Most importantly, staking directly through the contract requires 32 ETH. At today’s prices, that’s an outlay of about $73,000. There’s also a hardware cost, though a decent computer or ramp upgrade is relatively inexpensive compared to the ETH itself.
Staking independently also requires some degree of technical expertise. Stakers need to run an ETH 2.0 client, which must be downloaded. Once downloaded, the 32 ETH must be sent to the contract as one transaction.
As ever with crypto, any funds lost through mistakes are not recoverable.
Independent stakers also need to be aware of slashing, which can mean losing a portion of their holdings if their validator node breaks the network rules. In reality, slashing should only affect those who deliberately misbehave.
Staked ETH also gets locked up until Phase 1.5 of Serenity. In other words, if the price of ETH surges and stakers want to sell, they must wait.
According to Justin Drake’s estimates, staking could go live before the end of the year.
With 4 million ETH locked in the contract, rewards are currently around 7.8% APR.
Rocket Pool (NASDAQ:POOL)
Rocket Pool describes itself as a “decentralized Ethereum 2.0 staking protocol.”
As the name suggests, it works by pooling ETH to stake rather than requiring users to stake the full 32 ETH. Instead, users need only deposit 0.01 ETH to participate in staking (Rocket Pool also allows deposits of 16 ETH to run independent nodes.)
Rocket Pool stakers receive rETH in return, a tokenized staking deposit that represents the deposit and rewards.
The rETH token can also be used for liquid staking across DeFi, allowing stakers to maximize the yield earned on their holdings.
Unlike the ETH 2.0 deposit contract, there’s no minimum lockup period.
Lido
Lido works similarly to Rocket Pool: users deposit ETH and receive liquid stETH while staking.
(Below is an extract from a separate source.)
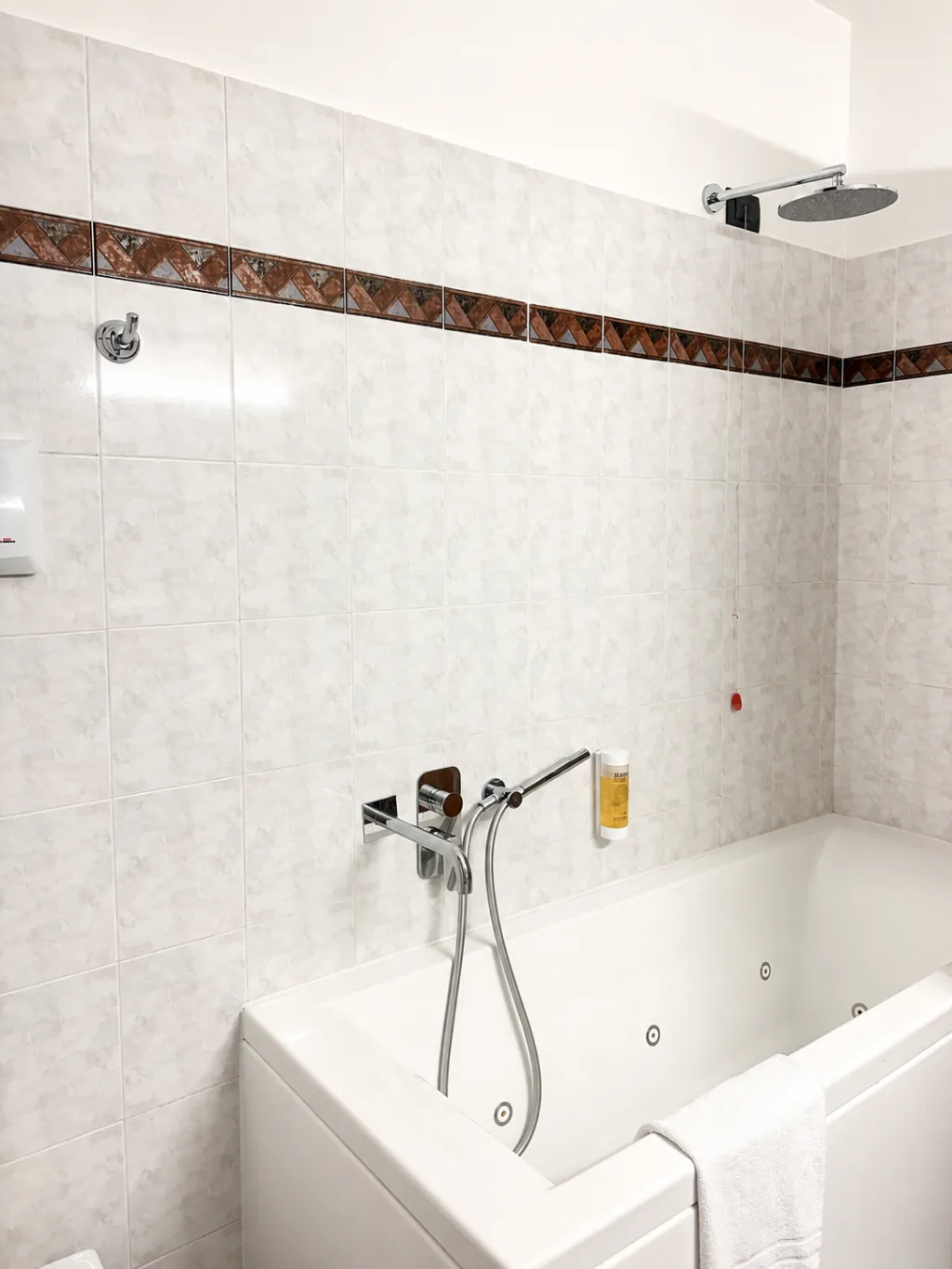 JUNIOR SUITE WITH JACUZZI Room, Spa Hotel Parigi 2, Milan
There’s also no lockup period or minimum deposit requirement.
Lido is also integrated through Curve, SushiSwap, and 1Inch. These integrations mean that users can stake the derivative stETH on these platforms for additional yield.
At the time of writing, Lido had received 251,549 ETH, making it one of the most popular staking services. Factoring in Lido’s fee, the current reward rate is 7.2% APR.
Ankr
Ankr is another service that operates a similar model to other staking pools. When users deposit ETH, they receive aETH in a 1:1 ratio plus any future staking rewards.
Stakers can redeem rewards ahead of Proof-of-Stake shipping and before the end of the staking lockup period.
aETH holders can provide liquidity on Uniswap, SushiSwap, Curve, SnowSwap, BakerySwap, Yearn Finance, and OnX Finance to start earning extra rewards.
The rewards earned vary depending on the pool the tokens are deposited in.
Overall, staking is one of many ways to earn yields in DeFi. With Ethereum’s Proof-of-Stake upgrade on the way, there are now many ways to earn from staking ETH. While running an independent validator node is by far the most popular option, it carries several risks.
It’s important to note that many independent validators have greater than 32 ETH, so their risk factor is somewhat lower.
For less experienced DeFi users with smaller holdings, liquid staking pools are an excellent alternative option to participate.
Nonetheless, caution is advised when participating in any staking activities.
Earnings yields through established protocols like Aave or simply holding ETH in a cold wallet to benefit from its potential price upside arguably carries less risk while still giving Ethereum believers a chance to capture the network’s upside potential.